Businesses and organizations worldwide need ways to organize and execute the work required to meet strategic objectives. Project Portfolio Management (PPM) software tools “support the selection, planning and execution of a variety of different work packages or containers, including, but not limited to, traditional projects. They often fold in collaboration and communication capabilities and allow work teams and project offices to report, monitor, and identify course correction in resource-intensive project and work environments.”
Software development and digital transformation initiatives make up a considerable chunk of business and government portfolios in any given year. The financial, personnel, and time resources needed are significant. Information Technology (IT) programs and portfolios are strategic and high profile and must be planned and managed with great care.
QSM’s Software Lifecycle Management (SLIM) suite of software tools is sometimes confused with PPM applications. SLIM-Suite doesn’t compete with PPM solutions - they complement them, supporting Project Management Institute (PMI) project and portfolio planning and management standards several ways. SLIM works with PPM tools by providing essential data and capabilities to:
- Produce defensible estimates early in the Initiation and Planning stages
- Track project status and forecast completion during Execution
- Measure project performance to guide Optimization efforts.
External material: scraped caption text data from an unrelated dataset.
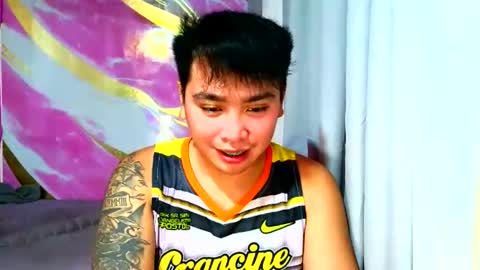 iconic_vince online show from October 2025 03:21:02 PM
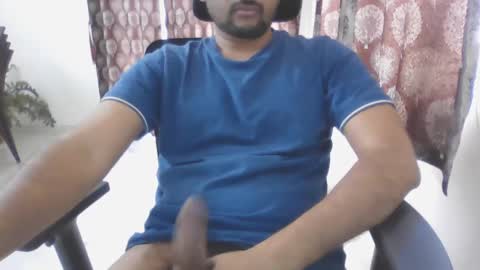 Snapshot of champ_desi chatting on 01-29-25, 07:04 rahul online show from 01-29-25, 07:04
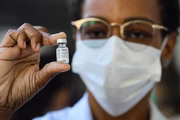 Vacinas Pfizer e AstraZeneca são mais eficazes contra a variante Delta com as duas doses 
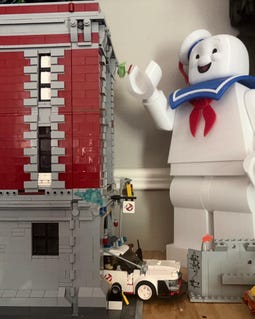 Giant MEOW stay puft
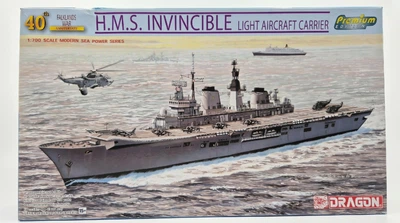 Збірна модель авіаносця Dragon 1:700 H.M.S. Invincible "Light Aircraft Carrier" Premium Edition (№7151)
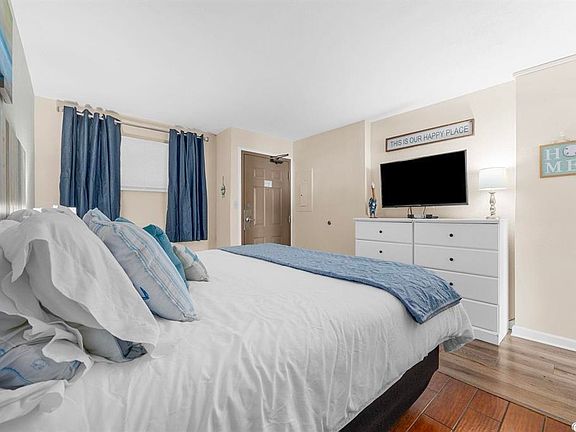 4th image of 2310 N Ocean Blvd. #602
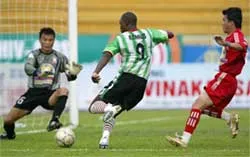 Fabio Santos đưa chủ nhà vào chung kết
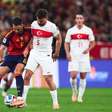 Espanha empata com a Turquia e confirma vaga na Copa do Mundo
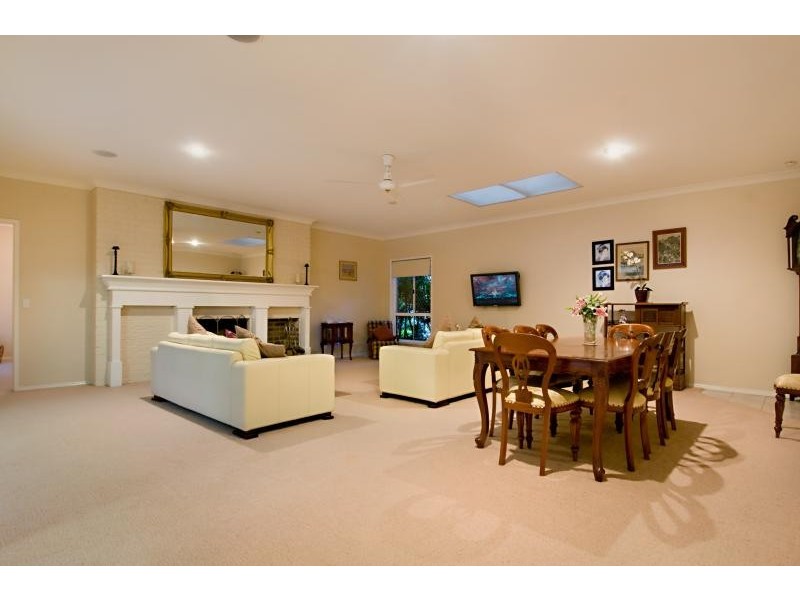 10 Kapilano Crescent, Mountain Creek QLD 4557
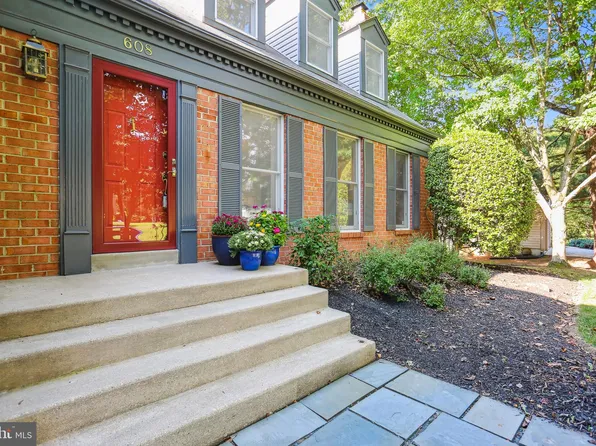 608 Symphony Woods Dr, Silver Spring, MD 20901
In this article we will review PPM and SLIM software capabilities to show how they can work together to improve an organization’s ability to execute their programs and reduce risk.
PPM Software Capabilities
Gartner Peer Insights recently reviewed PPM software providers, rating what the community considers essential or critical capabilities, going beyond tool features alone to include integration, security, usability.
The PPM capabilities identified as essential or critical include:
- Project Demand Management
- Project Planning and Management
- Time Management
- Resource Management
- Resource Capacity Planning
- Project Portfolio Management
- Project Collaboration
- Program Management
- Reporting Services
- Security and User Management
Over 20 products were reviewed, including Smartsheet, Microsoft Project (Online, Planner, and Server 2016), Wrike, Planview, Monday.com, Clarity PPM, and ServiceNow.
SLIM and PPM Comparison
We used the Gartner PPM essential capabilities list as the basis for showing when and how SLIM capabilities enhance these capabilities to up the game of project portfolio management. Reporting Services, Security and User Management, Integration, and Usability were excluded from the analysis.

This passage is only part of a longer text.